Saturday, November 8th, 2008

Yemanjá, goddess of the sea, in Salvador da Bahia, Brazil

Yemanjá, goddess of the sea, in Salvador da Bahia, Brazil

If I told you to go to Brazil for your honeymoon, would you go? You should. If I told you to go to Brazil because you will never experience another country like it, would you go? You should. If I told you to go to Brazil because it might change your life, would you go? You should. It’s that simple! I could easily start any blog entry or travel update with this – let’s call it – hint. But never mind, even if you’re not getting married, and not necessarily seeking a lovely destination to celebrate your union to the one you love, nor are you really seeking a life-changing experience, Brazil will still call out to you. How? The most obvious, of course, is the mermaid who floats about in the seas off Salvador da Bahia, in the northeast of Brazil. Her name is Yemanjá, one of the orixás in Brazil’s candomblé religion. She is the queen of the ocean, patroness of the fishermen and survivors of shipwrecks, the feminine element of creation, and the spirit of moonlight. If you visit Salvador, you will see Yemanjá celebrated in statues and sculptures; in paintings and advertisements; and at the right times of the year (February and December, to name two), in festivals that take place in the sands next to the sea.

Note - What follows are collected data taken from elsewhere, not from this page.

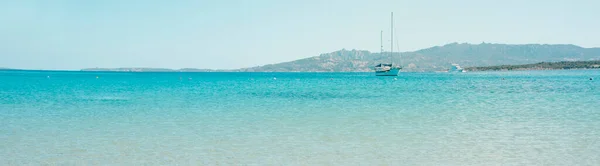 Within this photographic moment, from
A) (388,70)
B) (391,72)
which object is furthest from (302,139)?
(388,70)

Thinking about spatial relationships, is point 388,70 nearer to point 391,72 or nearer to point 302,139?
point 391,72

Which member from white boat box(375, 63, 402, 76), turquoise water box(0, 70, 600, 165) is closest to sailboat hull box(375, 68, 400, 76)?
white boat box(375, 63, 402, 76)

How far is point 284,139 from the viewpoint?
17000mm

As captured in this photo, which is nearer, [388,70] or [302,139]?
[302,139]

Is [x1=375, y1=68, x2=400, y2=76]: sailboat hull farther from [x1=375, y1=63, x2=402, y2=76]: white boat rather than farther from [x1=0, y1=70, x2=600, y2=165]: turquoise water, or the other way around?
[x1=0, y1=70, x2=600, y2=165]: turquoise water

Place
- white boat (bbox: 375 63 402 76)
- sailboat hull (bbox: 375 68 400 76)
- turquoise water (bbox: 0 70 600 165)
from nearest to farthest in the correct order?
turquoise water (bbox: 0 70 600 165) < sailboat hull (bbox: 375 68 400 76) < white boat (bbox: 375 63 402 76)

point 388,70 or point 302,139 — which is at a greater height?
point 388,70

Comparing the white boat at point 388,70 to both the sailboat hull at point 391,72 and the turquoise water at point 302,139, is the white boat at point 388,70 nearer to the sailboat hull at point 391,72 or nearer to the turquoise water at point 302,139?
the sailboat hull at point 391,72

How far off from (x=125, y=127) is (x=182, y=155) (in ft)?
24.5

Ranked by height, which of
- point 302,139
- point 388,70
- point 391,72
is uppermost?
point 388,70

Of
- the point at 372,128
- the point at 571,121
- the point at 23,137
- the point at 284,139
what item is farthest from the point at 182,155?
the point at 571,121

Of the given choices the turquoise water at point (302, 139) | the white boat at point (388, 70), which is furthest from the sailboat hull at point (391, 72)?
the turquoise water at point (302, 139)

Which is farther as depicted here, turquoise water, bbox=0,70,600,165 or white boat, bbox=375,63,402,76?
white boat, bbox=375,63,402,76

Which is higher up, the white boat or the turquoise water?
the white boat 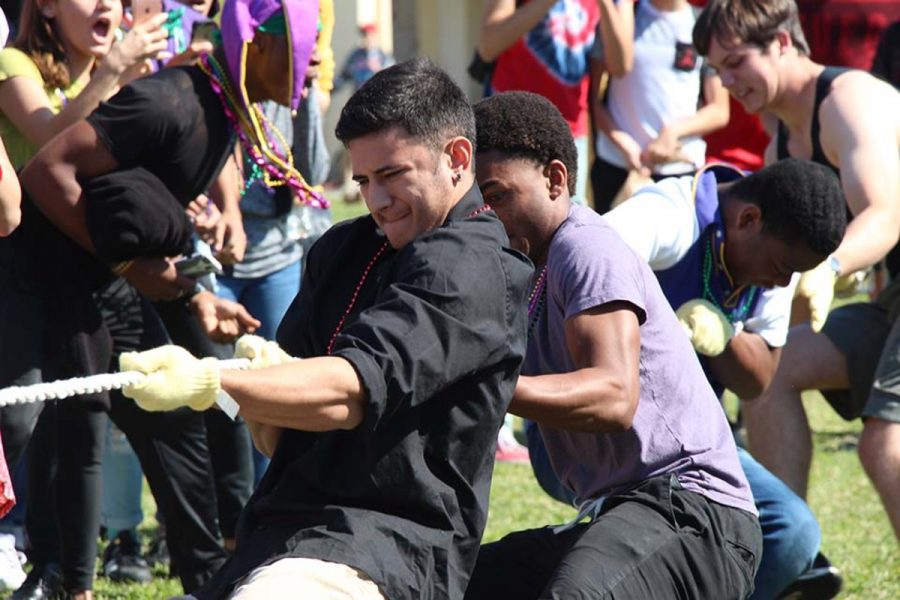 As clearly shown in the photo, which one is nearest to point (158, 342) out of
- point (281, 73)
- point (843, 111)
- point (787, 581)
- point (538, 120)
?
point (281, 73)

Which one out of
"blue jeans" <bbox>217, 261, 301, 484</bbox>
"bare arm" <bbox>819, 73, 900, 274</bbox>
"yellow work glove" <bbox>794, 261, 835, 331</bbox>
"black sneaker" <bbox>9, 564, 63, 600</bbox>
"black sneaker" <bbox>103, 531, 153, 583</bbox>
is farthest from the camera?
"blue jeans" <bbox>217, 261, 301, 484</bbox>

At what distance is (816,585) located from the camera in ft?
13.5

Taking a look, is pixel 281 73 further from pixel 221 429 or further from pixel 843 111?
pixel 843 111

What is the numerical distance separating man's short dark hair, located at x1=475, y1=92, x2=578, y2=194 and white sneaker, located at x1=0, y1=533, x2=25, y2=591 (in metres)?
1.55

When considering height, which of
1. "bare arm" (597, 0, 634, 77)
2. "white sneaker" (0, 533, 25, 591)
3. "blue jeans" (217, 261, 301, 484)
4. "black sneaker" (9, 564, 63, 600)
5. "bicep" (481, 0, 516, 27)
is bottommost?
"black sneaker" (9, 564, 63, 600)

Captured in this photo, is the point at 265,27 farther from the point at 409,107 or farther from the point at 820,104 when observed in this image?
the point at 820,104

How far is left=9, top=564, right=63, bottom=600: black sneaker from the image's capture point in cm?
455

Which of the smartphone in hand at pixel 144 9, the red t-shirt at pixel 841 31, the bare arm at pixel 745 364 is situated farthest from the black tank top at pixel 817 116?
the red t-shirt at pixel 841 31

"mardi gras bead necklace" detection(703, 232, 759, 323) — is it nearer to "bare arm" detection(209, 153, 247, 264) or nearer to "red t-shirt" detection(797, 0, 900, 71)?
"bare arm" detection(209, 153, 247, 264)

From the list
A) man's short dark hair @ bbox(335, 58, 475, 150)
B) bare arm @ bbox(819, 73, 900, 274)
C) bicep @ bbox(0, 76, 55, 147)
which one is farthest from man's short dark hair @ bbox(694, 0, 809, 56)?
man's short dark hair @ bbox(335, 58, 475, 150)

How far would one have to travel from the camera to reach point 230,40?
4.36m

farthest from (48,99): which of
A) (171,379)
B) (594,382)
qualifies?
(171,379)

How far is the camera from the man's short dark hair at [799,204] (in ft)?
12.8

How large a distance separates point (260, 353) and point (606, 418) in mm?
774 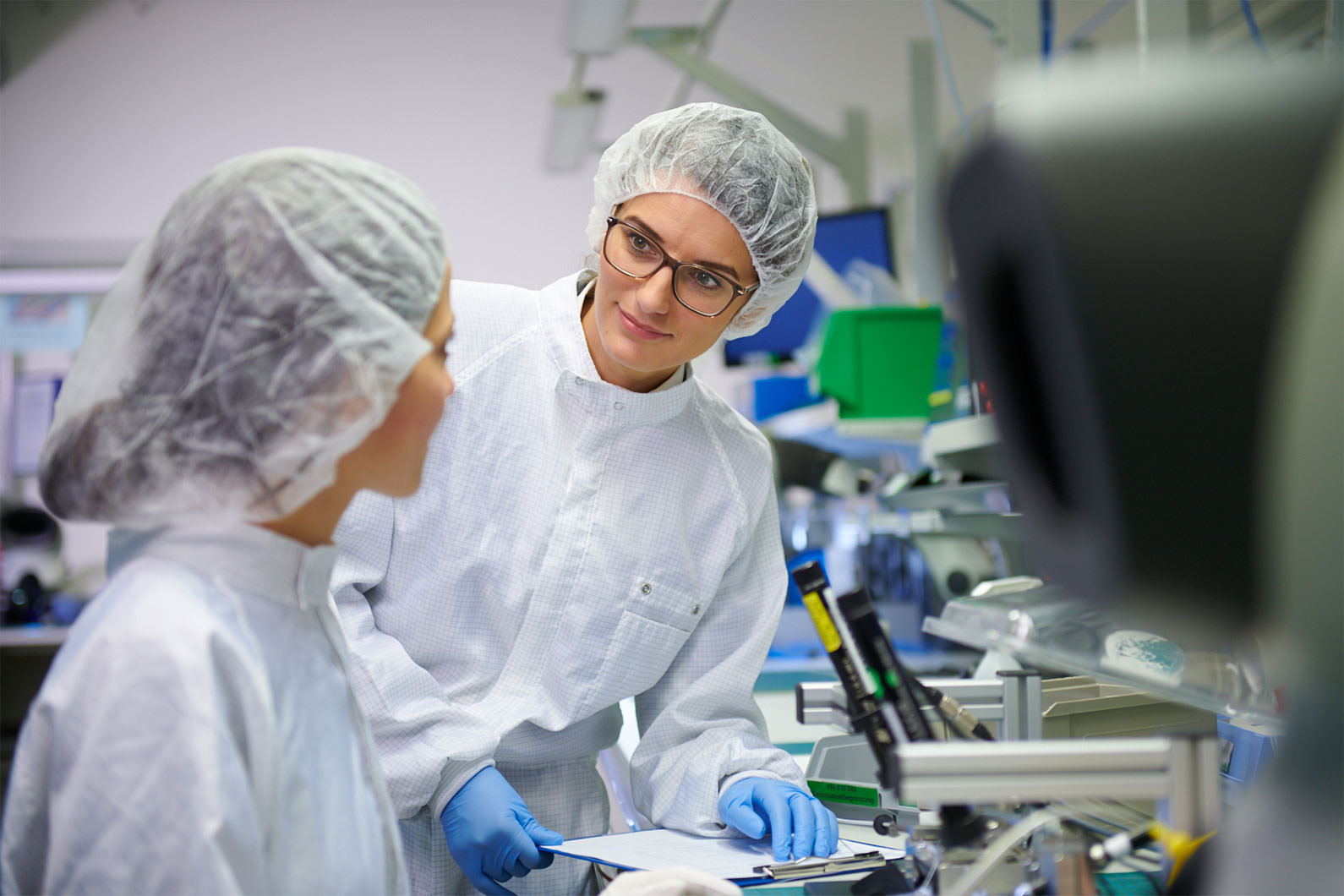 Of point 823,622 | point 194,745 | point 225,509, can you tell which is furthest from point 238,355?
point 823,622

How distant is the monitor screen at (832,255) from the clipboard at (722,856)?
2.03 metres

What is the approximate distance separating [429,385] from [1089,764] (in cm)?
56

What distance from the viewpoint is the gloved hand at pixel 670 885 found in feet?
2.90

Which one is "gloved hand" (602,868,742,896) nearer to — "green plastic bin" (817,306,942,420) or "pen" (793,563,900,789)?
"pen" (793,563,900,789)

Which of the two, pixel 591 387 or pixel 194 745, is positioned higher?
pixel 591 387

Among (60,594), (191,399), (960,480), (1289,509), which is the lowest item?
(60,594)

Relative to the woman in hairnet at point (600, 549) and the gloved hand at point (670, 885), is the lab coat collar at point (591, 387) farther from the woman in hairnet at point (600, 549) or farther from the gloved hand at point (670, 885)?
the gloved hand at point (670, 885)

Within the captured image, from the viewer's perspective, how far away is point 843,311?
257 cm

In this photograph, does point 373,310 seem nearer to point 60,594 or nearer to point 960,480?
point 960,480

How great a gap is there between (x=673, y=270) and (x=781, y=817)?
2.30 feet

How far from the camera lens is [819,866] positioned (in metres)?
1.10

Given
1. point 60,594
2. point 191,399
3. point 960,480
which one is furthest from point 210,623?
point 60,594

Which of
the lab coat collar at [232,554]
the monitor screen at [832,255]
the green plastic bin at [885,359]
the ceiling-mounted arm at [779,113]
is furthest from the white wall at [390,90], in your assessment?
the lab coat collar at [232,554]

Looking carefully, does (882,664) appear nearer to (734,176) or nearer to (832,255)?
(734,176)
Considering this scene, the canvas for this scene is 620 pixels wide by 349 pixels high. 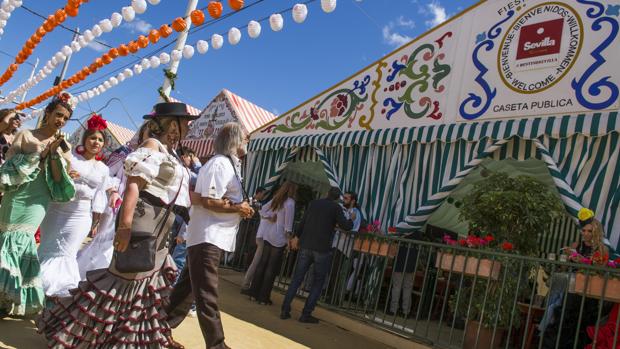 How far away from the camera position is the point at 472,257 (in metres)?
5.08

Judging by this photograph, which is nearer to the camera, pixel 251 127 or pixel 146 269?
pixel 146 269

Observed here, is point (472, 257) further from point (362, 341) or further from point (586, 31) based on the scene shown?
point (586, 31)

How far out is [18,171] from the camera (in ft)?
11.6

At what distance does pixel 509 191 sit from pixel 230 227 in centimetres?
344

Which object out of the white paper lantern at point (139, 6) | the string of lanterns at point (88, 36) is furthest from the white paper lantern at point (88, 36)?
the white paper lantern at point (139, 6)

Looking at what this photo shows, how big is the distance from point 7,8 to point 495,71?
8.33 metres

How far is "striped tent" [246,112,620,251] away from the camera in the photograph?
507 centimetres

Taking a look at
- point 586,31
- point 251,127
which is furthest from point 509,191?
point 251,127

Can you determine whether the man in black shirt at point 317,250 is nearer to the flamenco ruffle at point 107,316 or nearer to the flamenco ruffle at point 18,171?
the flamenco ruffle at point 107,316

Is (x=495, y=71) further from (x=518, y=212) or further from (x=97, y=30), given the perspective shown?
(x=97, y=30)

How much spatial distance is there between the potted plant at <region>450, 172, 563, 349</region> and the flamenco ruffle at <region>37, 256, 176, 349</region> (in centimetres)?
334

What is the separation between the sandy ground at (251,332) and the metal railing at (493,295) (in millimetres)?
595

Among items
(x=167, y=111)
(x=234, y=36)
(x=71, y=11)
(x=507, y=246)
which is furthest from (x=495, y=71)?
(x=71, y=11)

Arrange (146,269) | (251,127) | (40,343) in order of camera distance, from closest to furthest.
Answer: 1. (146,269)
2. (40,343)
3. (251,127)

My own experience with Yemanjá took place while riding the lancha (technically, the word means “launch” in Portuguese, but the small passenger boat has come to be known this way) from the island of Itaparica to Salvador city one late morning in September. I sat in the back of the boat, on a bench with my back to the sea; it is perhaps one of the best commutes in the world. Feeling the sun on my neck and the sea spray sprinkle my arm,

En route to the lancha, crossing the bay from Itaparica to Salvador da Bahia, Brazil

En route to the lancha, crossing the bay from Itaparica to Salvador da Bahia, Brazil

I didn’t mind the half hour journey. It surely beat driving or sitting in a taxi or riding a train. While I sat, I talked to my friend next to me, my head turned to the side so he could hear me. Out of the corner of my eye, I saw a flash of light shimmer above the sea’s surface. I turned quickly to watch; a pod of three or four dolphins made a quick display, shooting out of the water and in less than a second, disappearing again. I pointed and made some sort of noise; a few other people turned and looked out over the sea; but there was only the churning water from the boat’s wake. I watched attentively, unfortunately ignoring my friend for the remainder of the ride. The dolphins never surfaced again. I began to wonder if, after all, maybe what I saw was something else. Maybe she was a silvery, ephemeral mermaid leaping out of the water, stretching in the sun, and observing her domain on the topside of the sea. I imagined that perhaps she wanted to meet me, greet me, and welcome me to Bahia; and to remind me, with that quick disappearance, that I should soak in the beauty around me because it could disappear in a flash. And it did disappear – I did leave Brazil; I no longer have that lancha commute and I no longer feel the sea spray on my arm as I journey across the bay. But the memory is solid, despite its watery nature! You must see and feel for yourself…go to Bahia and spend some time near the sea. And keep your eyes peeled for silvery flashes of light.